The National Oceanic and Atmospheric Administration (NOAA) has awarded Syntectic International, LLC of Portland, Oregon; Antioch University New England of Keene, New Hampshire; and the Lake Sunapee Protective Association of Sunapee, New Hampshire, and partners $243,000 to prepare the Lake Sunapee watershed for climate change and population growth.
The project partners hope to protect a vulnerable storm-water and drinking-water system and develop and disseminate practical and transferable information for safeguarding communities, as well as provide specific and reliable estimates of climate change impacts on the Lake Sunapee watershed. By developing a local-scale action protocol, the project team aims to maintain historic storm water risk levels for the Lake Sunapee watershed and other communities facing significant impacts from climate change and population growth.
Recent experience and scientific studies are clear. Storm patterns are worsening and it is no longer prudent to delay action. We will never have perfect science; however sufficient science is available now. This project will protect the community with adequately reliable, local-scale information to support informed decisions. – Latham Stack, CEO of Syntectic.
The interdisciplinary team includes lead investigator Latham Stack, CEO of Syntectic International; Michael Simpson, Jim Gruber, and Colin Lawson of Antioch University New England; Dr. Robert Roseen of the University of New Hampshire Stormwater Center; Thomas Crosslin from Climate Techniques of Portland, Oregon; and Robert Wood of the Lake Sunapee Protective Association. Internationally recognized adaptation expert Joel Smith with Stratus Consulting in Boulder, Colorado will also be a team member. Five of the eight researchers are either Antioch New England alumni or faculty.

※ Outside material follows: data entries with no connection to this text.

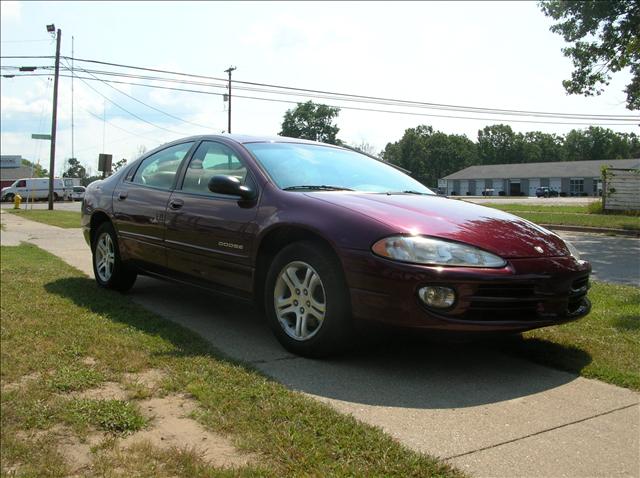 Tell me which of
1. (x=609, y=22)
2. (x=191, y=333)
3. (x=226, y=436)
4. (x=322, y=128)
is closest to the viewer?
(x=226, y=436)

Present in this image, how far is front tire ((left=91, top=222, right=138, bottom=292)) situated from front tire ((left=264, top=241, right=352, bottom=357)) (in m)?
2.31

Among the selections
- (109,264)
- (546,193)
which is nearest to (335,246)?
(109,264)

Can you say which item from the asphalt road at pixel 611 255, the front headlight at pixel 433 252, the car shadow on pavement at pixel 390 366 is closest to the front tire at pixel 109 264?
the car shadow on pavement at pixel 390 366

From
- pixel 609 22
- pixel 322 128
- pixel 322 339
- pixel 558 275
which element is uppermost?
pixel 322 128

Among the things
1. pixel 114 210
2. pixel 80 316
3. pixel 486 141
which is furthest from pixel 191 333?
pixel 486 141

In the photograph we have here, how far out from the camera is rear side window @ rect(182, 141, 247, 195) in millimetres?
4574

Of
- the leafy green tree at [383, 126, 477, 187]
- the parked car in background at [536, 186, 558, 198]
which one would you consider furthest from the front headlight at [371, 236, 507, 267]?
the leafy green tree at [383, 126, 477, 187]

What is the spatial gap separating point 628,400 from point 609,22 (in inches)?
753

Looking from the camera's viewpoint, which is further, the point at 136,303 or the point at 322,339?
the point at 136,303

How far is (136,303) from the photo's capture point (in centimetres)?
535

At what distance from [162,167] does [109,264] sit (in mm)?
1231

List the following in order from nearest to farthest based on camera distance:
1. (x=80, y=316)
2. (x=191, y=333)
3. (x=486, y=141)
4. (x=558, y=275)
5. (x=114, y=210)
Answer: (x=558, y=275) < (x=191, y=333) < (x=80, y=316) < (x=114, y=210) < (x=486, y=141)

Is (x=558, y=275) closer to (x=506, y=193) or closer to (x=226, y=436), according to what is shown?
(x=226, y=436)

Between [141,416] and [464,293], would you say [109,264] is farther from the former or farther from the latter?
[464,293] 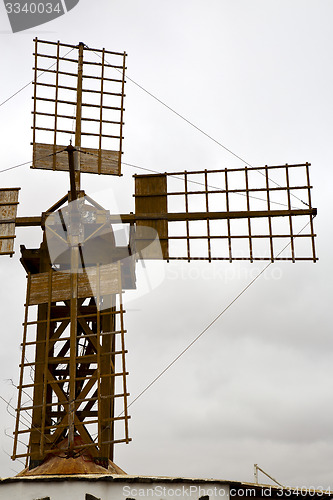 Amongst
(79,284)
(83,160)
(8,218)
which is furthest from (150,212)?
(8,218)

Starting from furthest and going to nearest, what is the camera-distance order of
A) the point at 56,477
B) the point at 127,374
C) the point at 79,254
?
the point at 79,254 → the point at 127,374 → the point at 56,477

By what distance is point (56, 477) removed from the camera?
38.4 ft

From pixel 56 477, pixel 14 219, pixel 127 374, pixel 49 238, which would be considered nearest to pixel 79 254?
pixel 49 238

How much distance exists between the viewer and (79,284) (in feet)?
46.6

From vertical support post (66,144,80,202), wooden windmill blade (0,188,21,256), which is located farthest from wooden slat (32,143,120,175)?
vertical support post (66,144,80,202)

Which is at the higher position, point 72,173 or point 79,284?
point 72,173

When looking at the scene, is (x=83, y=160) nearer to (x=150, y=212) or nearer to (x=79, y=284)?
(x=150, y=212)

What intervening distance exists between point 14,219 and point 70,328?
103 inches

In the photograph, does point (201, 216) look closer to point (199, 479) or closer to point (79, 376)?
point (79, 376)

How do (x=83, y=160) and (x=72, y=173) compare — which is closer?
(x=72, y=173)

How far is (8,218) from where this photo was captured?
1505 centimetres

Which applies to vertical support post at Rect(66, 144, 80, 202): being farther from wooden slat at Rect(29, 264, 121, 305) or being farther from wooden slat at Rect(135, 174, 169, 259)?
wooden slat at Rect(29, 264, 121, 305)

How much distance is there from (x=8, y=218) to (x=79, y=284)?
212cm

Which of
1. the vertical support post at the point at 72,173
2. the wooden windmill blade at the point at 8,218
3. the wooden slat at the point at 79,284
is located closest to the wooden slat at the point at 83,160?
the wooden windmill blade at the point at 8,218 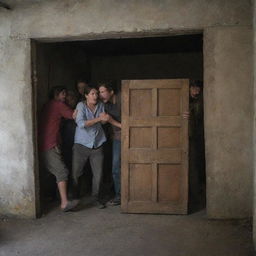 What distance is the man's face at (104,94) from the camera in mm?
5168

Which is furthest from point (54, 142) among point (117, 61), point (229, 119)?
point (117, 61)

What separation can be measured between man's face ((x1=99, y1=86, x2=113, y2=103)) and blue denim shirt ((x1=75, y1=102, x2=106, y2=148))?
0.10 metres

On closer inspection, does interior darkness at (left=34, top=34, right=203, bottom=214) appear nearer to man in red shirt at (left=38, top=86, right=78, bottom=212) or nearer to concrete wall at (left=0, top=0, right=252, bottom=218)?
man in red shirt at (left=38, top=86, right=78, bottom=212)

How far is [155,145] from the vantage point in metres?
4.88

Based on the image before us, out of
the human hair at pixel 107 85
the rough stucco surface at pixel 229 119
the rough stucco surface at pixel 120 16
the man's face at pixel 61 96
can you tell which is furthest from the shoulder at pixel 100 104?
the rough stucco surface at pixel 229 119

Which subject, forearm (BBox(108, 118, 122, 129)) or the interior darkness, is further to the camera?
the interior darkness

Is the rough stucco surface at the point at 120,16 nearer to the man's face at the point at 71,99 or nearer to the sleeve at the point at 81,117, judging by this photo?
the sleeve at the point at 81,117

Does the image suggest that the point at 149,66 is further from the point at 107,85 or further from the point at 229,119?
the point at 229,119

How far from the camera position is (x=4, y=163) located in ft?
16.4

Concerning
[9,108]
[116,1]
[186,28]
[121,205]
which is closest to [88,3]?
[116,1]

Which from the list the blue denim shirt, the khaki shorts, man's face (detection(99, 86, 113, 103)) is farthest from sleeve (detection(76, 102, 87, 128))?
the khaki shorts

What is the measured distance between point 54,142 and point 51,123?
0.27 metres

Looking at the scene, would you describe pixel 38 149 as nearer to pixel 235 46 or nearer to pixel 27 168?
pixel 27 168

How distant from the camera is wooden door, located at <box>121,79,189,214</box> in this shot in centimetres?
482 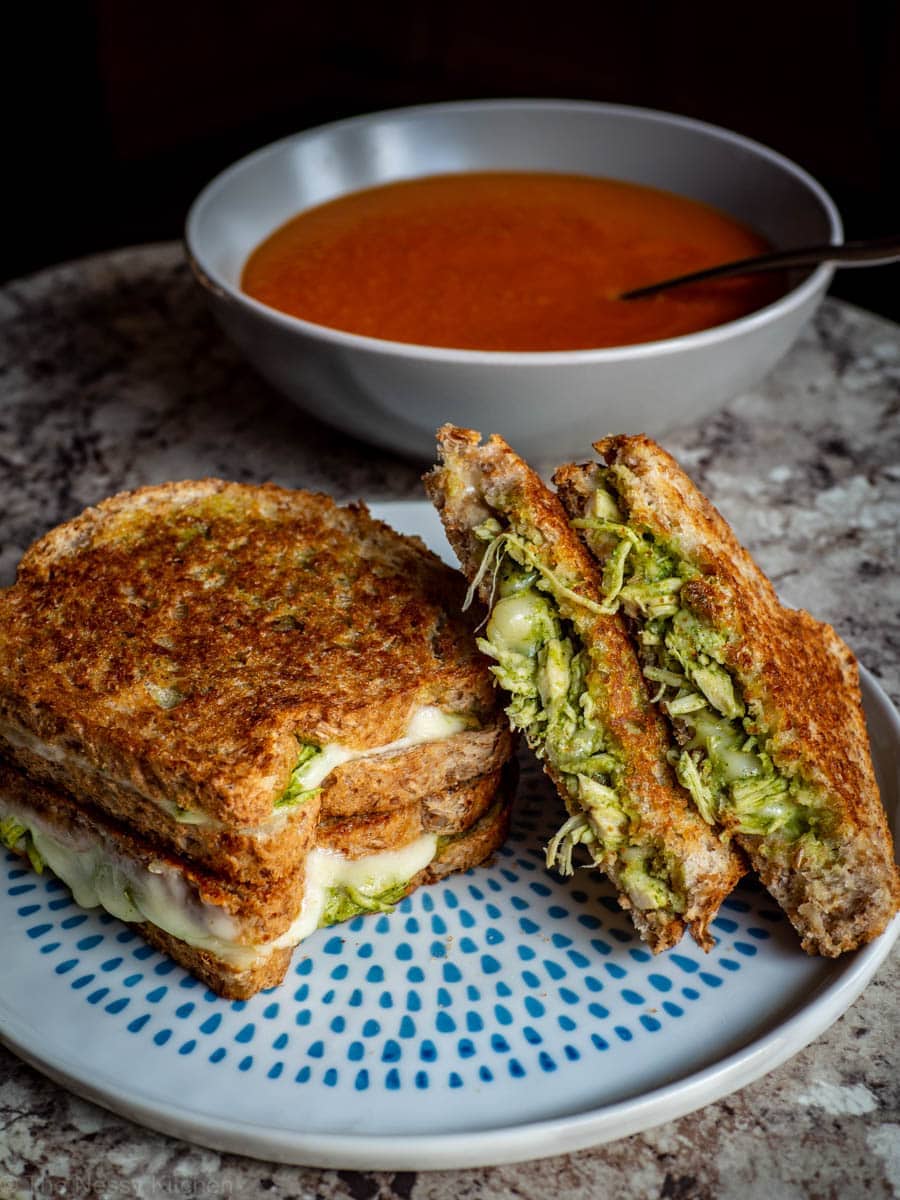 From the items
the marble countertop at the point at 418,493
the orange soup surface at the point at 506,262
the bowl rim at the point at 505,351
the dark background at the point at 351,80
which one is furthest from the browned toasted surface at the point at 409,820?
the dark background at the point at 351,80

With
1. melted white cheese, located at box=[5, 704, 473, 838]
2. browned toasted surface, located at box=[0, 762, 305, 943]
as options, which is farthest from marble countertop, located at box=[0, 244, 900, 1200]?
melted white cheese, located at box=[5, 704, 473, 838]

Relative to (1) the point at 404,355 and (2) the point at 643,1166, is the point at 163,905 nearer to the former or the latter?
(2) the point at 643,1166

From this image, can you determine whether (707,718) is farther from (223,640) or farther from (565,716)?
(223,640)

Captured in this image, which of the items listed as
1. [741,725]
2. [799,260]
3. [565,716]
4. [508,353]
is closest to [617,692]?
[565,716]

The project, funded by the Climate Program Office of the National Oceanic and Atmospheric Administration, will focus on the lake Sunapee watershed area. This region, like many others, is experiencing an unusual and ongoing period of extreme or record rainfalls that significantly diverge from the historical climate pattern. Previous studies by the team in New England found that, as a result of already changed rainfall patterns, portions of existing drainage systems are currently undersized.
By encouraging the participation of local stakeholders, the project will empower citizens to choose adaptation plans that are best for their towns. For example, Low Impact Development methods can minimize runoff and significantly reduce the need for more expensive drainage system upgrades.
According to Michael Simpson, director of Antioch New England’s Resource Management and Conservation master’s program, “The availability of reliable and economical solutions can make the difference between returning to historical protection levels, or continuing to expose people and assets to worsening hazards.” Simpson explained that storm water engineers and planners have always needed to cope with uncertainty and change, and the construction of water systems designed using best-available knowledge has always proceeded in parallel with the development of theory. “The past was not as certain as we like to think, and problems posed by population growth and climate change are actually not that different from previous challenges,” said Simpson.
The project will be broadly transferable, according to Stack. The team hopes to catalyze similar work nationwide, reducing further loss of life and damage from worsening storms. By demonstrating a practical protocol for action, this study will provide urgently needed decision-support to leaders seeking to maintain historical protection levels in their communities.